WaveRNN generated samples sound strange

begeekmyfriend / tacotron2

Forked from NVIDIA/tacotron2 and merged with Rayhane-mamah/Tacotron-2

BSD 3-Clause "New" or "Revised" License

81 stars 38 forks source link

WaveRNN generated samples sound strange #26

Closed tugstugi closed 4 years ago

tugstugi commented 4 years ago

Hallo @begeekmyfriend,

I am trying to train 4 speaker (2 males and 2 women) WaveRNN model. I have successfully trained Tacotron. The wav files generated with Griffin Lim sound good. After that, I have generated gta files and now I am training WaveRNN, currently at 250k steps. But the WaveRNN samples sound really strange. I have 2 problems:

target wavs have no sound at all
generated wavs sound really strange: overlapping artifacts and not intelligable

I have attached a sample target and generated wav files.

What could be the reason for that? If 250k steps are not enough to generate intelligable audios, why are the target wavs silent? Is that normal?

wavernn.zip

begeekmyfriend commented 4 years ago

Please check out whether the GTA Mel frames align with the wav length. You can calculate the lengths of them both.

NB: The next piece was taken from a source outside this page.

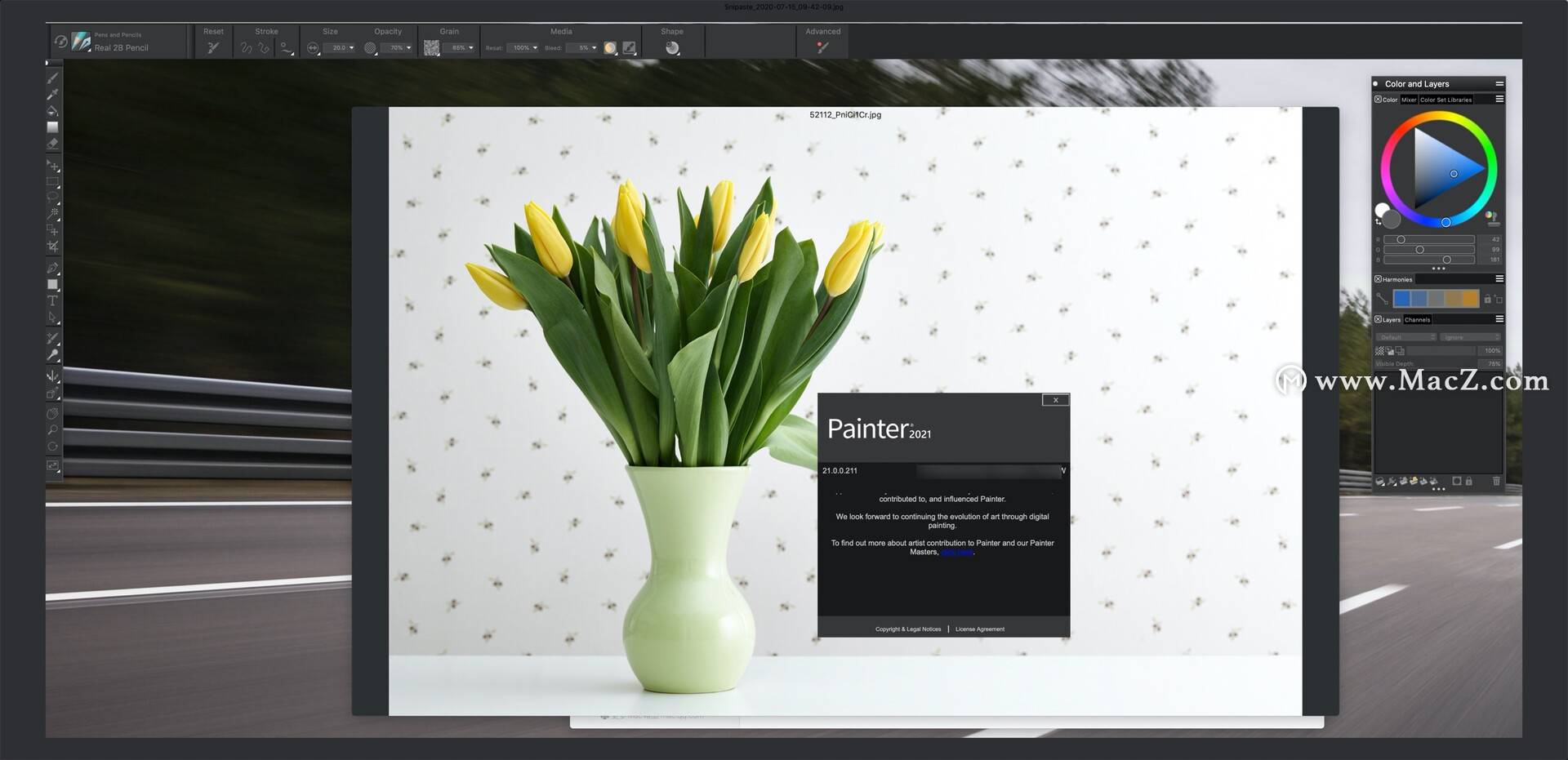 corel painter 2021 for mac(专业美术绘图软件) v21.0.0.211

tugstugi commented 4 years ago

@begeekmyfriend

I have checked with https://github.com/begeekmyfriend/tacotron2/issues/4#issuecomment-564927028

All asserts are successfull and min and max values are: -4.0 -0.21728516

tugstugi commented 4 years ago

ok, it seems Tacotron train wasn't good enough even the Griffing Lim sounded good. Using GTA generated from little longer trained Tacotron (130k), the audios generated by WaveRNN are now getting little better.

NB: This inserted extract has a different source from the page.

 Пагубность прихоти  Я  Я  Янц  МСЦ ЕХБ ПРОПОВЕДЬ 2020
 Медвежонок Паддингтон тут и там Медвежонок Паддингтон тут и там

I have some questions regarding to your 4 speaker Tacotron:

How many iterations did you train?
What is your final training loss?

Thanks

begeekmyfriend commented 4 years ago

200 epochs (not steps) for T2.

tugstugi commented 4 years ago

@begeekmyfriend I have also around 40k files (10k for each speaker) and trained 200 epochs. My final training loss is around 0.35 which is compared to the NVidia Tacotron2 too high. Is that normal?

begeekmyfriend commented 4 years ago

You might try training 48h and see.

tugstugi commented 4 years ago

After training Tacotron2 400 epochs, the loss is improved to 0.31. After applying more aggresive silence trimming, the loss is now around 0.27. @begeekmyfriend How did you trim your dataset? Could you share your trim_top_db for your dataset?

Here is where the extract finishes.